**Goal of the exercise**
Restate the whole listing below word for word and keep the images out.

**Data block**
........

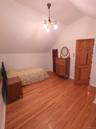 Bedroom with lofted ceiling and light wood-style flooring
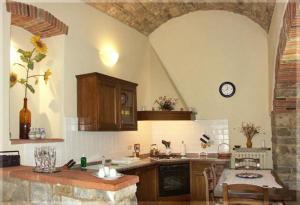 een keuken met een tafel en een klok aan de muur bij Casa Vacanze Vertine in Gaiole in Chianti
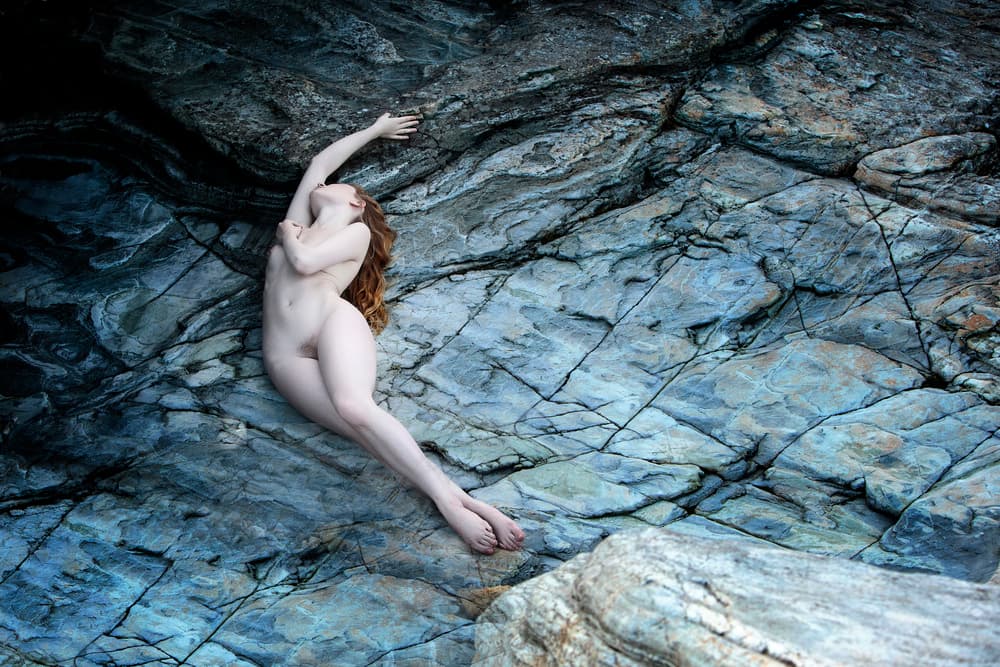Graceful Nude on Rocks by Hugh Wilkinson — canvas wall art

........

**Task answer**
 Bedroom with lofted ceiling and light wood-style flooring
 een keuken met een tafel en een klok aan de muur bij Casa Vacanze Vertine in Gaiole in Chianti
Graceful Nude on Rocks by Hugh Wilkinson — canvas wall art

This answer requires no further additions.